Occasionally you may observe individuals in recovery meetings or in other situations who seem to rehearse continually their sins and shortcomings or the sins others have committed against them. They are always confessing but never finding peace.
Do not confuse step 5 with an obsessive desire to dwell on negative things. The intent of step 5 is exactly the opposite. We take step 5 not to hold on to the things we confess but to begin to distinguish evil from good for ourselves and to choose good.
The following scriptures and statements from Church leaders may help you in taking step 5. Use them for meditation, study, and writing. Remember to be honest and specific in your writing.
“I, the Lord, forgive sins unto those who confess their sins before me and ask forgiveness” (D&C 64:7).
How does confessing your sins to God help you make positive changes in your life?
Most of us feel fear and an unwillingness to take step 5. How can confessing your sins to God give you courage and strength eventually to confess to another person?
“Confess your faults one to another, and pray one for another, that ye may be healed” (James 5:16).
You may fear that someone who really knew all your weaknesses and failings would reject you. But a priesthood leader or a trusted friend who understands the recovery process usually responds with understanding and compassion. How could such a response help you heal?
“Let not any man publish his own righteousness … ; sooner let him confess his sins, and then he will be forgiven, and he will bring forth more fruit” (Joseph Smith, in History of the Church, 4:479).
One major obsession of those who struggle with addiction is a great desire to look good to others.

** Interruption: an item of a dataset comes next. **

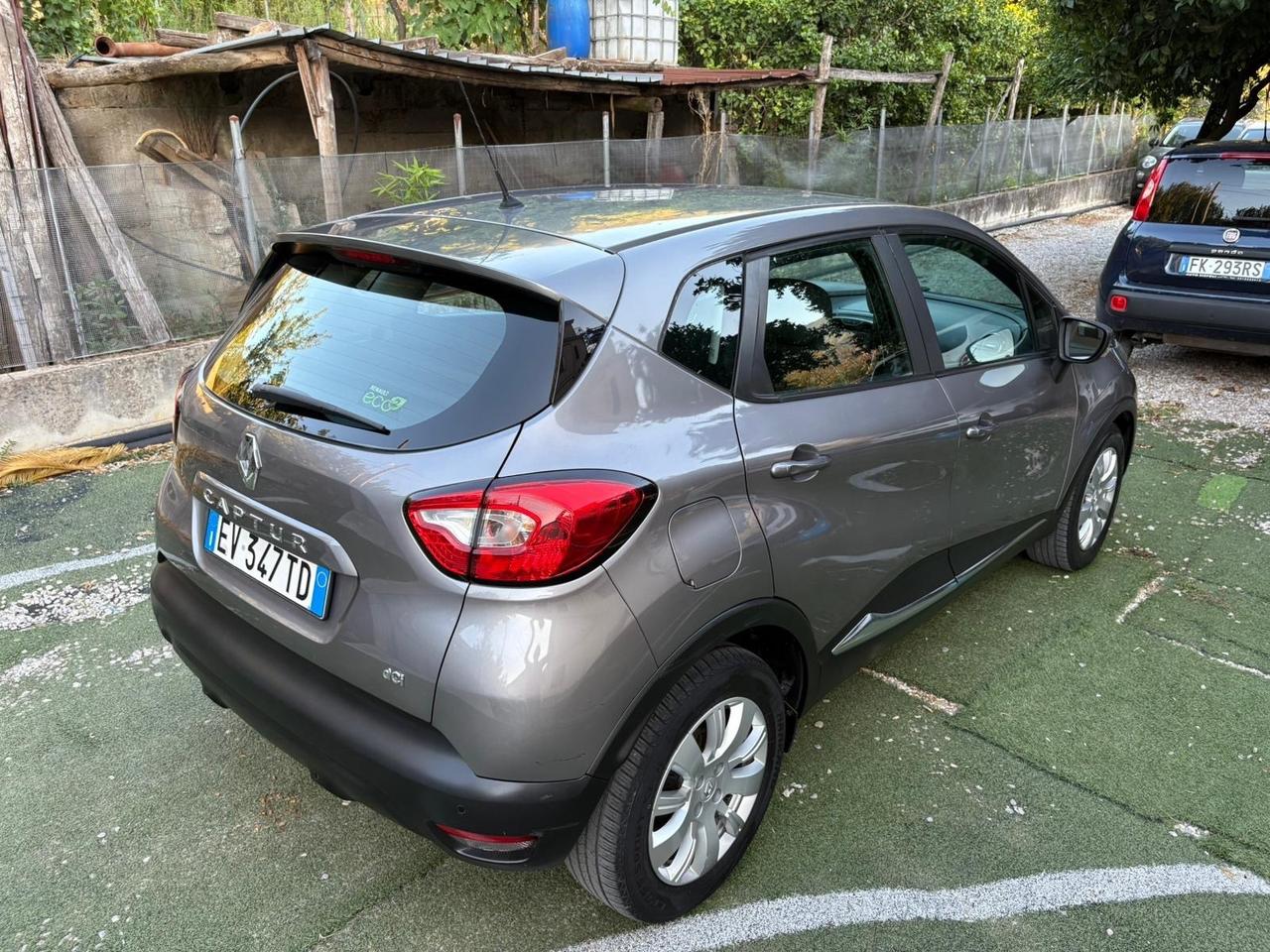 RENAULT CAPTUR 1.5 DCI FULL OPTIONAL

How would this desire keep you from improving and bringing “forth more fruit” (or good works)?
How would your behavior change if you were only concerned about looking good to God?
“Whosoever transgresseth against me, him shall ye judge according to the sins which he has committed; and if he confess his sins before thee and me, and repenteth in the sincerity of his heart, him shall ye forgive, and I will forgive him also” (Mosiah 26:29).
When you confess your sins, you must be sincere. Consider how holding back part of your confession undermines the sincerity of your efforts. What part of your inventory, if any, are you tempted to hide?
What do you have to gain by continuing to hide this portion of your inventory? What do you have to lose?
“In this same year were they brought to a knowledge of their error and did confess their faults” (3 Nephi 1:25).
This verse is an example of people who did not procrastinate confessing their faults once they were brought to a knowledge of them. What are the benefits of doing step 5 as soon as possible after step 4?
What might be the detrimental effects of procrastinating step 5?
“I would not dwell upon your crimes, to harrow up your soul, if it were not for your good” (Alma 39:7).
Some people would claim that we dwell too much on negative things in life by taking steps 4 and 5 and that doing so can only add to our stress. In this verse, we are taught that facing shortcomings can do us good, not just “harrow up” (or distress) our souls. In what ways can steps 4 and 5 relieve you of stress and bring you more peace?
“By this ye may know if a man repenteth of his sins—behold, he will confess them and forsake them” (D&C 58:43).
To forsake something means to abandon it or give it up completely. How do you demonstrate your desire to forsake your old ways by completing step 5?